-\begin{algorithm}
- \begin{algorithmic}[1]
- % \footnotesize
- \Require ~
- \begin{description}
- \item[$Tcp_i$] array of all computation times for all nodes during one iteration and with highest frequency.
- \item[$Tcm_i$] array of all communication times for all nodes during one iteration and with highest frequency.
- \item[$Fmax_i$] array of the maximum frequencies for all nodes.
- \item[$Pd_i$] array of the dynamic powers for all nodes.
- \item[$Ps_i$] array of the static powers for all nodes.

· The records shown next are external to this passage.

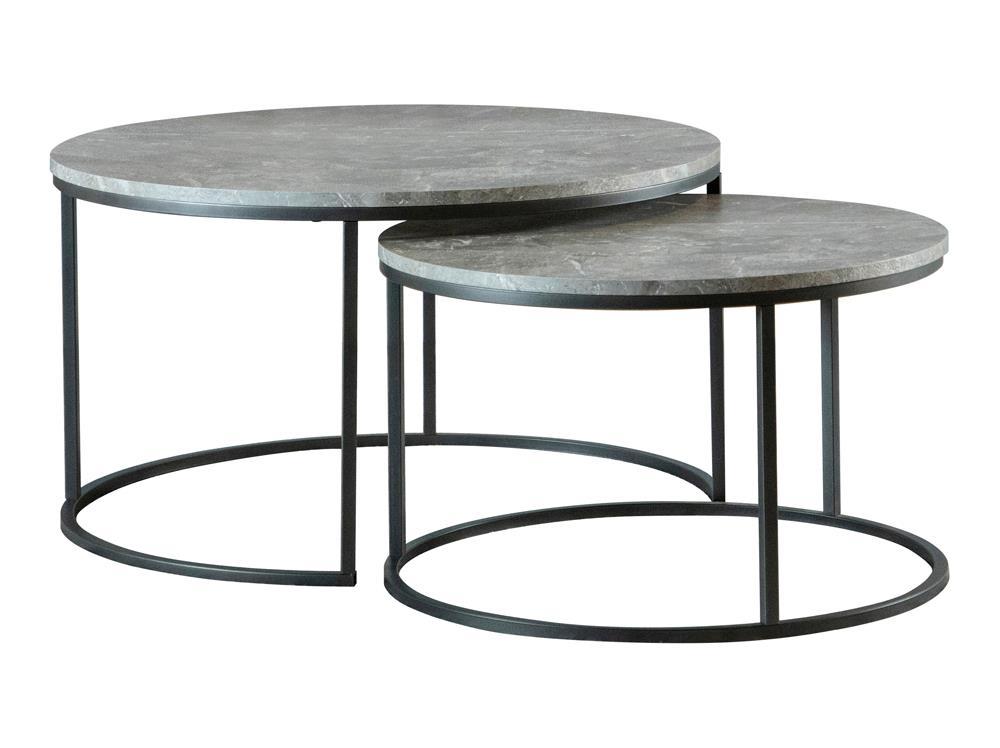 Lainey Round 2-piece Nesting Coffee Table Grey and Gunmetal - Half Price Furniture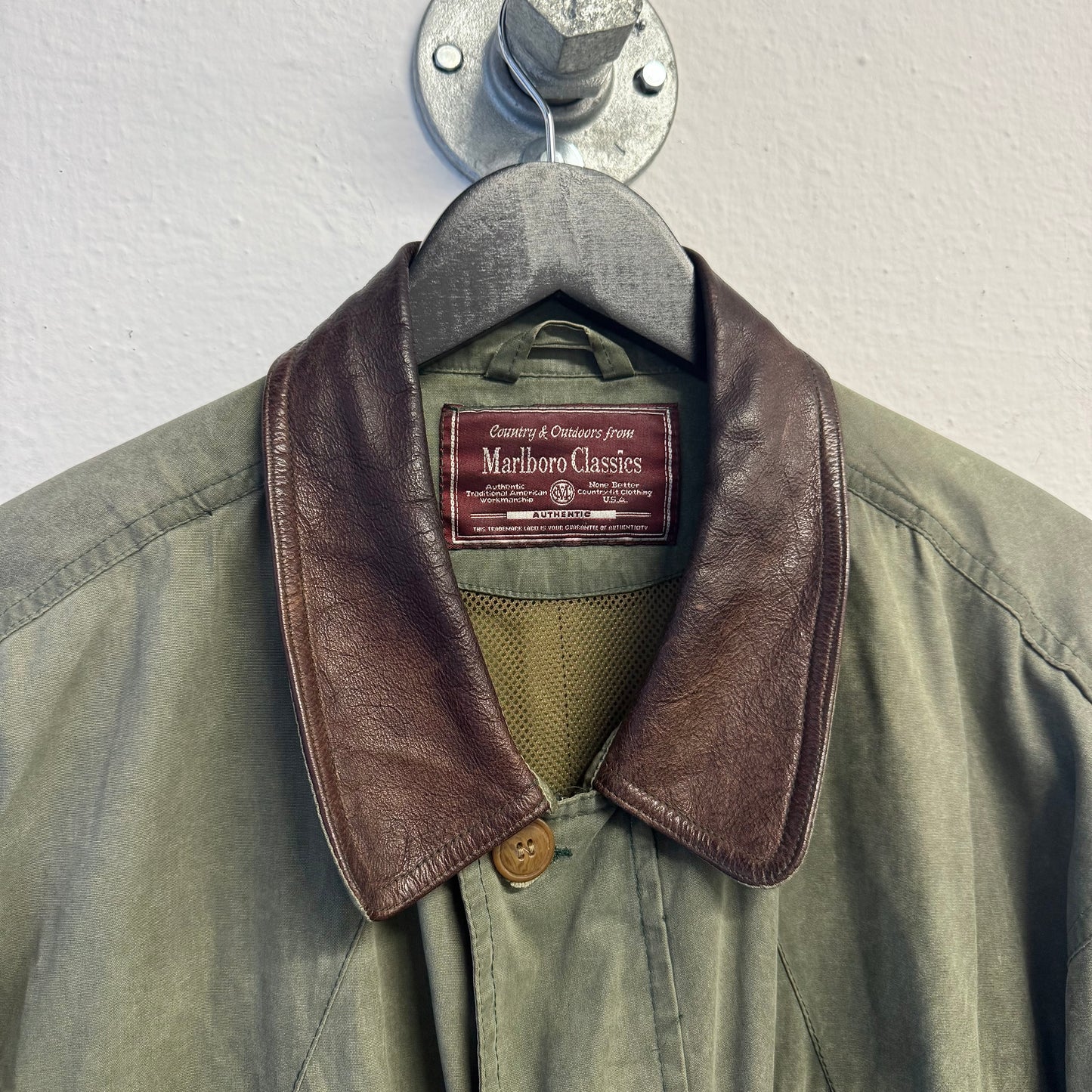 MARLBORO CLASSICS Leather Collar Work Light Jacket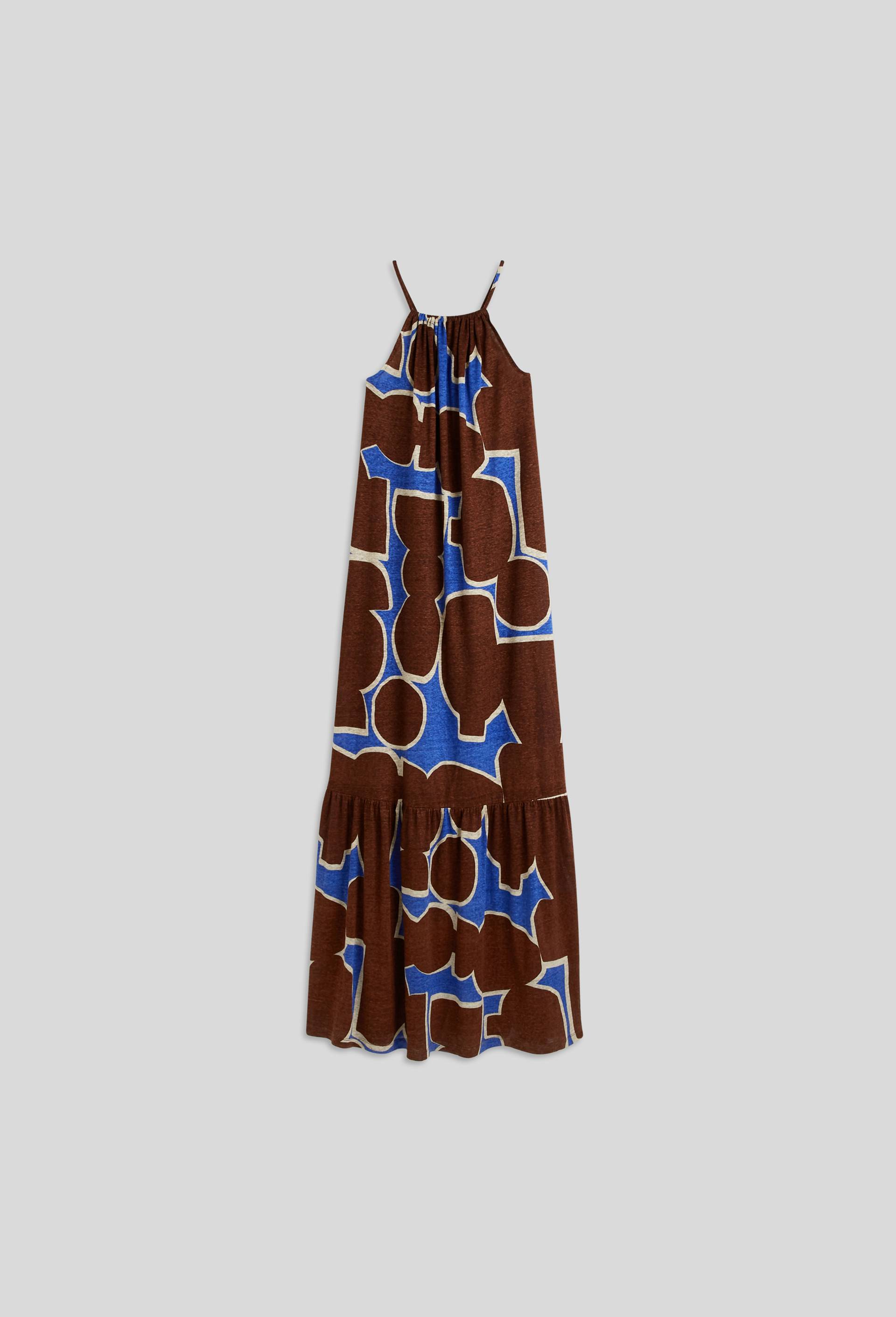 Robe longue imprim&eacute;e en lin, certifi&eacute;e European Flax et OEKO-TEX, Bleu, large image number 2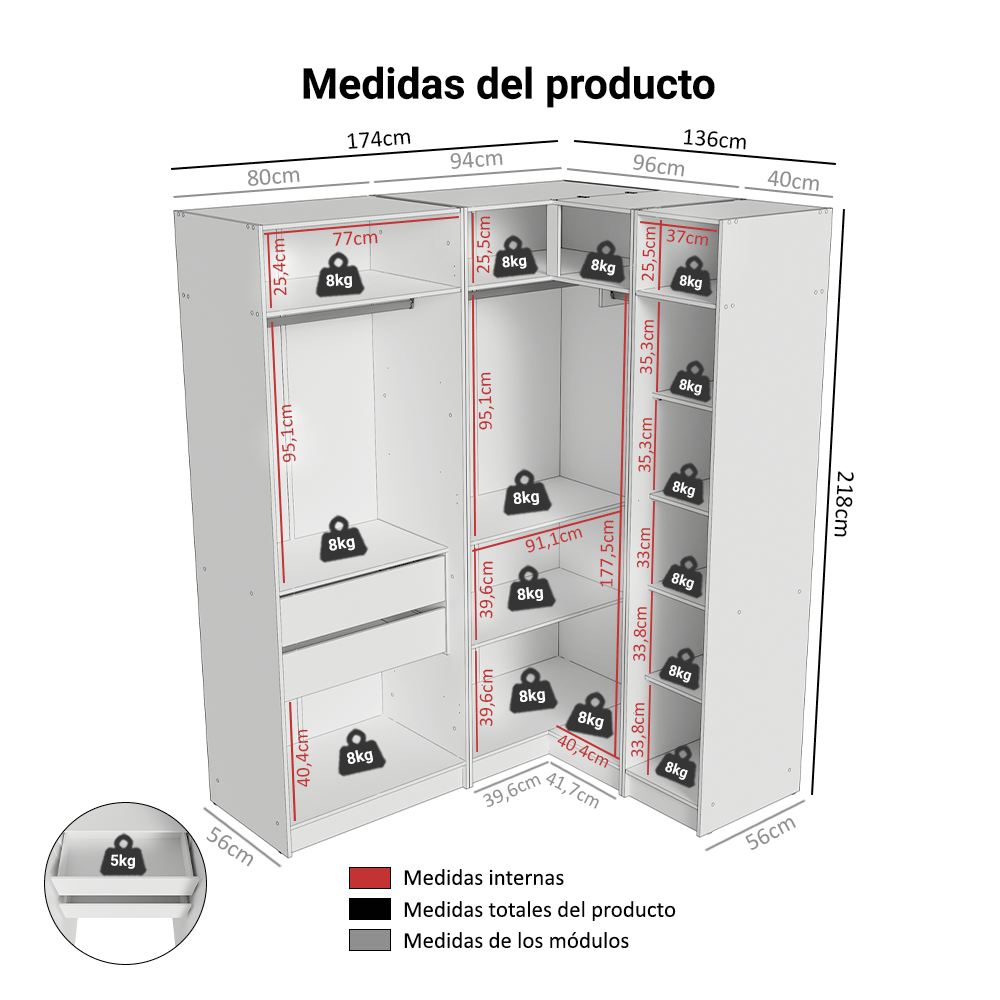 Placard de Esquina Matrimonial 310 cm 5 Puertas 2 Cajones Neo Blanco 02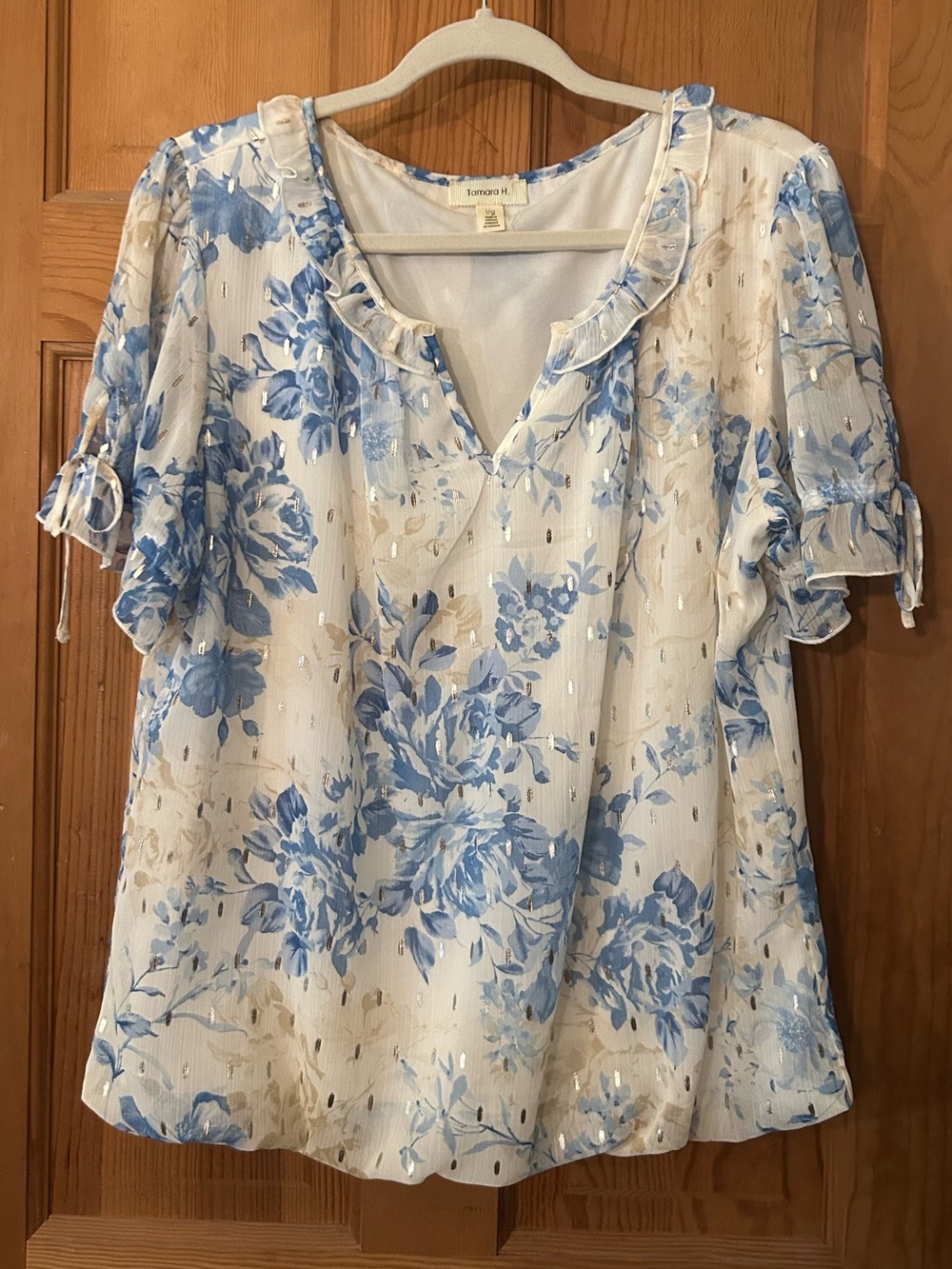 Casual Floral Ruffle V-Neck Top - Blue/White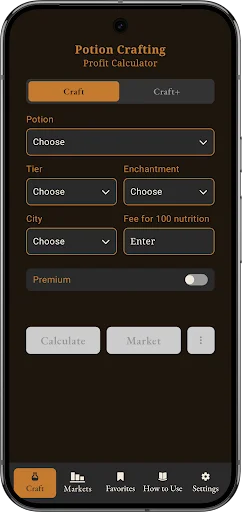 Albion Craft Calculator ডাউনলোড করুন – সেরা প্রফিট ক্যালকুলেটর - Screenshot 1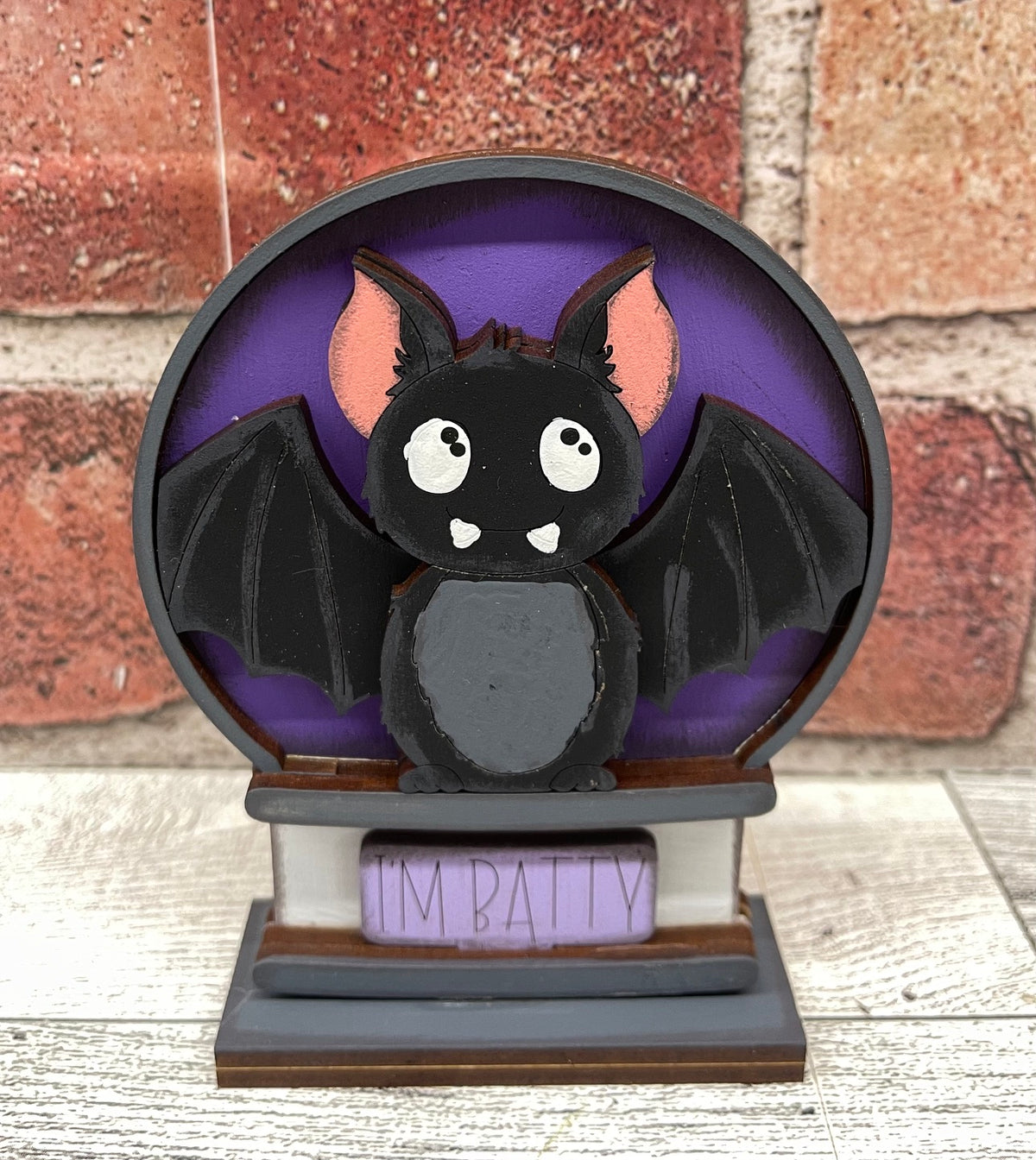 Halloween Bat Globe Insert - unpainted wood cutouts, ready for you to paint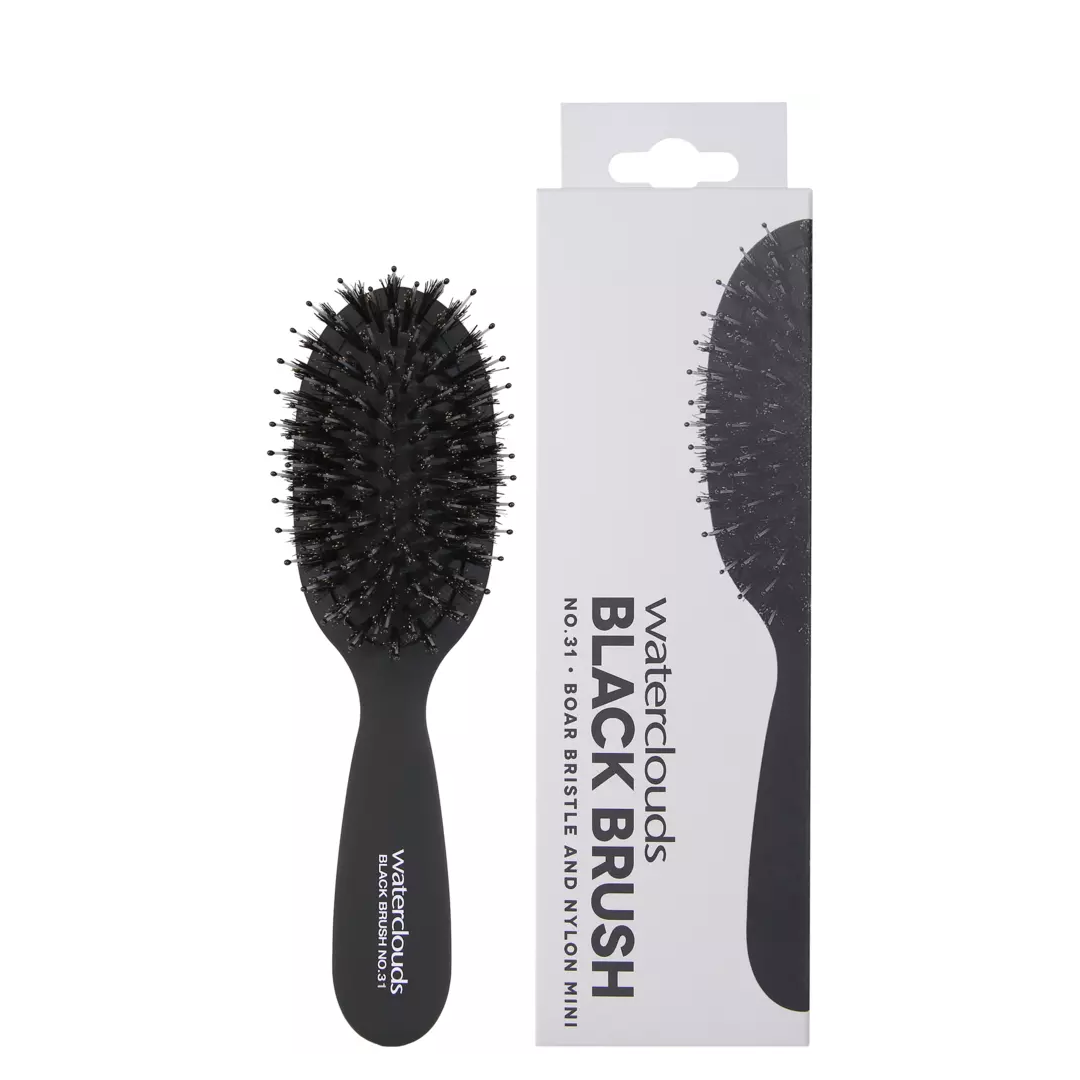 Waterclouds Black Brush Cushion Brush Small kompaktiškas plaukų šepetys su šerno ir nailono šereliais Nr.31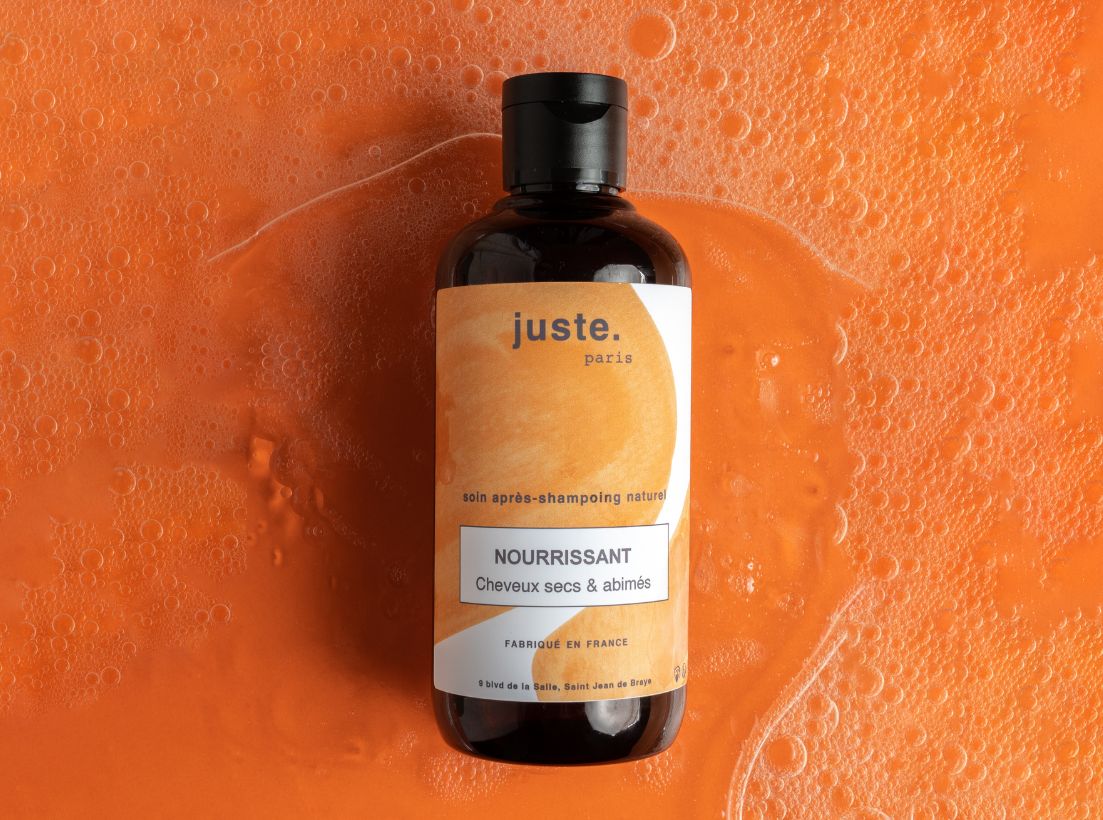 JUSTE.paris- Après Shampoing Cheveux Secs – Nourrissant Huile d’Abyssinie, Miel & Protéine de blé    250ML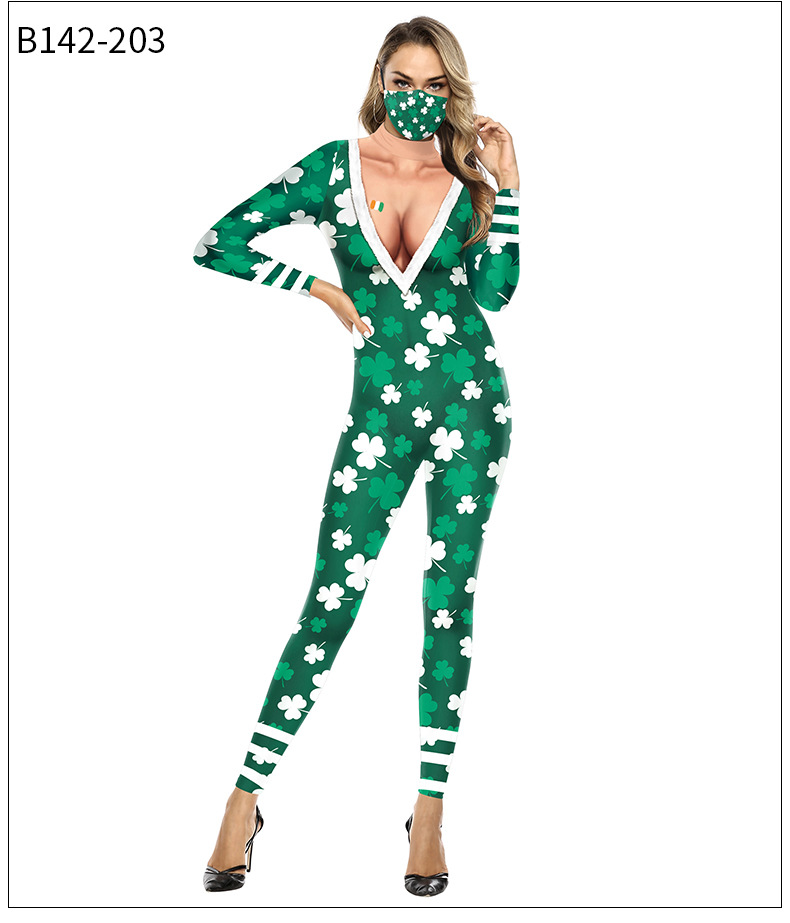 Title 7, Nuovo Jumpsuit Donna con Stampa Digitale 3D a F...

- \item[$Fdiff_i$] array of the difference between two successive frequencies for all nodes.
- \end{description}
- \Ensure $Sopt_1,Sopt_2 \dots, Sopt_N$ is a vector of optimal scaling factors
-
- \State $ Scp_i \gets \frac{\max_{i=1,2,\dots,N}(Tcp_i)}{Tcp_i} $
- \State $F_{i} \gets \frac{Fmax_i}{Scp_i},~{i=1,2,\cdots,N}$
- \State Round the computed initial frequencies $F_i$ to the closest one available in each node.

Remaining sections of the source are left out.